### [What is being asked]
In the data below, repeat the line containing "Ceres White Blouse with Crochet Roses" and every following line exactly, up to and including the last line. Exclude pictures.

### [Provided data]
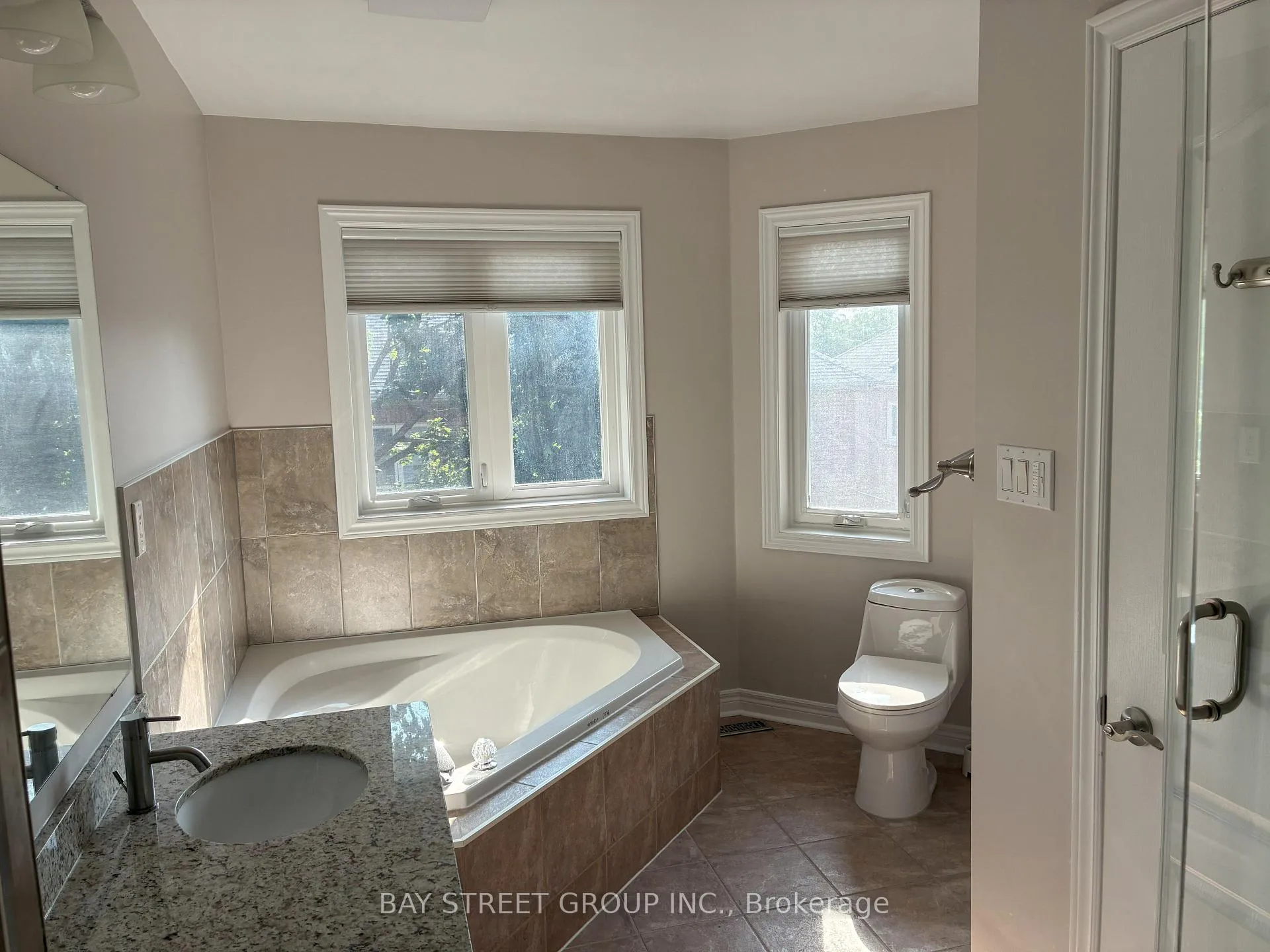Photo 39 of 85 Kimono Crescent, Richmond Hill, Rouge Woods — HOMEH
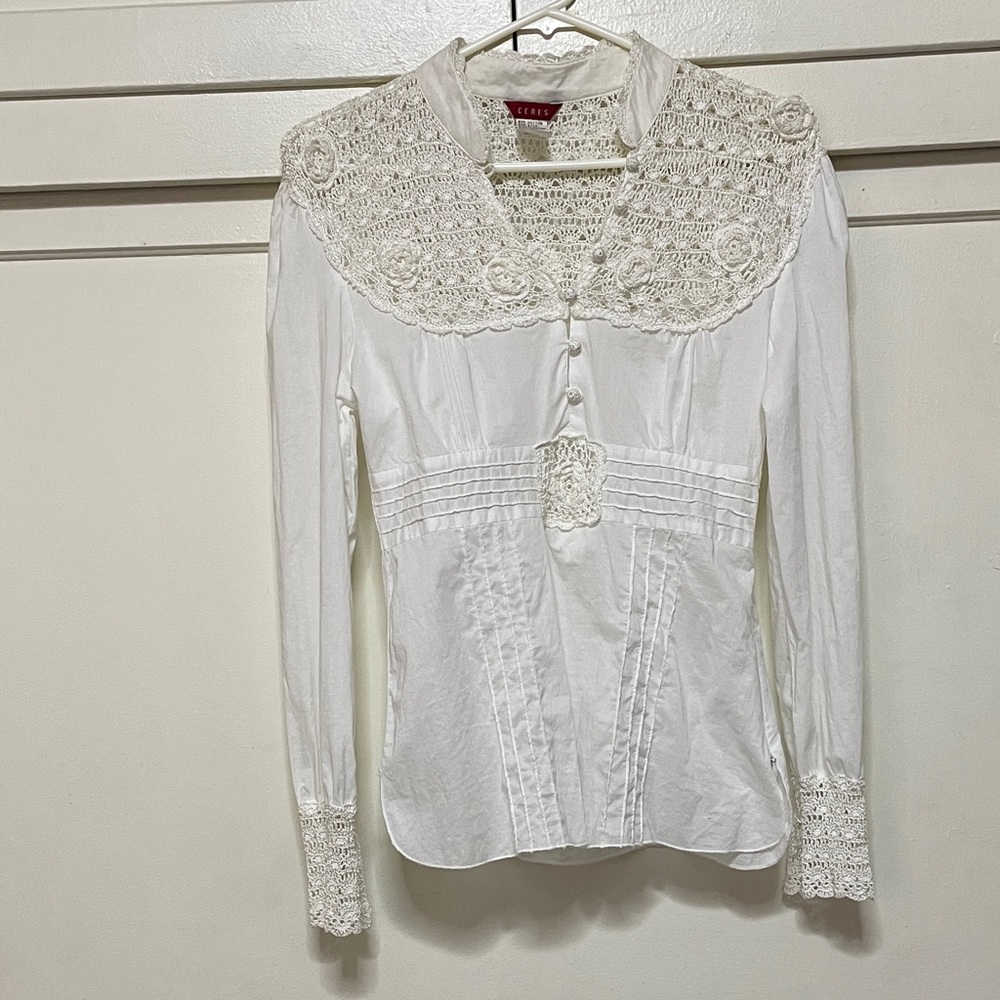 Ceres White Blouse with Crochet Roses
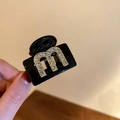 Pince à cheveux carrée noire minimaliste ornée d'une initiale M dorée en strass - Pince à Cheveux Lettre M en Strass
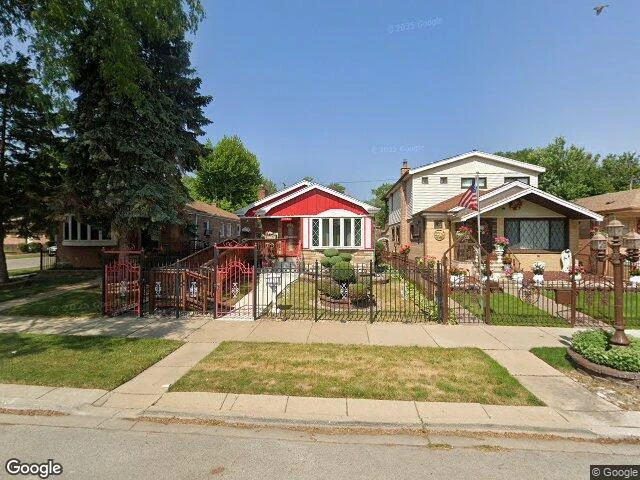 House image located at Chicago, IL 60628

### [Solution to the problem]
 Ceres White Blouse with Crochet Roses
 Pince à cheveux carrée noire minimaliste ornée d'une initiale M dorée en strass - Pince à Cheveux Lettre M en Strass
 House image located at Chicago, IL 60628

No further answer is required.